Unleashing Creative Power: A Hands-On Guide to Image Generation with Google Cloud’s Vertex AI and Imagen API

Esther Irawati Setiawan
Google Developer Experts
5 min readJan 25, 2024

Ever wondered about the magic behind generating unique and captivating images effortlessly? Google’s Vertex AI API for Imagen, opens the door to a world of creative possibilities. This guide will dive into the basics and unleash your creativity by generating stunning images.

Requirements:

  • Curl
  • Any programming language that can convert base64 into images (preferably Python)

Let’s get familiar with the Vertex AI API for Imagen to kick things off. It’s a versatile tool that lets you create images programmatically. The best part? You can seamlessly integrate it into your website or software, making the process accessible and efficient. Before we start, ensure you have your Command Line Interface (CLI) running and authenticated with Google Cloud.

If you haven’t already, the first step is to set up a Google Cloud project so we can access the API. We’ll guide you through the setup process so you have the requirements. You can access Google Cloud Console with your Gmail through this link: https://console.cloud.google.com

When successfully logged in, you will be taken to the welcome page, which should look like the one below.

We can see our selected project on the page's top left corner and the search bar's left side. By default, the selected project will be “My First Project”; we don’t need to change it.

Next, click on the APIs & Services on the Quick Access panel and navigate to ENABLE APIS AND SERVICES.

Search for Vertex AI on the API Library search bar and select “Vertex AI API.” When taken to its page, click on ENABLE to enable the API. We can’t use Google Cloud’s APIs if we haven’t enabled them yet. It will take a few seconds, but we can access the API online when it's done.
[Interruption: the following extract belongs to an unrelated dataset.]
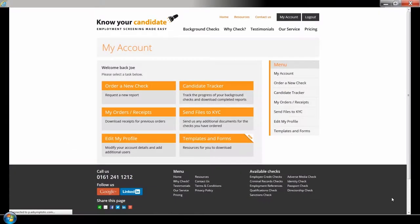In this video we'll show how you can save time by having your candidates complete the data entry process online. This functionality is available for background checks which require data over and above name, address and date of birth, such as employment references and criminal record checks.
For this guide, we will be using curl to access the API, but first, we need to install gcloud CLI to get the bearer token for the API authorization. We can read the detailed guide on how to install it here: https://cloud.google.com/sdk/docs/install.
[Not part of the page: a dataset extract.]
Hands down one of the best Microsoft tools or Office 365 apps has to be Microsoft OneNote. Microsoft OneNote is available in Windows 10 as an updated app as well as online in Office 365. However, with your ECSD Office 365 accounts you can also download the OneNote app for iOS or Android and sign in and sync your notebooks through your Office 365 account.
After installing, we need to set it up with our account by running gcloud init on our shell. We can read the guide for it here: https://cloud.google.com/sdk/docs/initializing.
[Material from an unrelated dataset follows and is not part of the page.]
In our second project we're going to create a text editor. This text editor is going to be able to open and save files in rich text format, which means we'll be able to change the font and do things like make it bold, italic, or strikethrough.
If we did everything correctly, when we run gcloud auth list on our shell, we should see our account as active.

Now that all the setup is done, we can try the API by calling its endpoint according to this documentation: https://console.cloud.google.com/vertex-ai/publishers/google/model-garden/imagegeneration.

We should make a folder for this project and put request.json there to make things cleaner.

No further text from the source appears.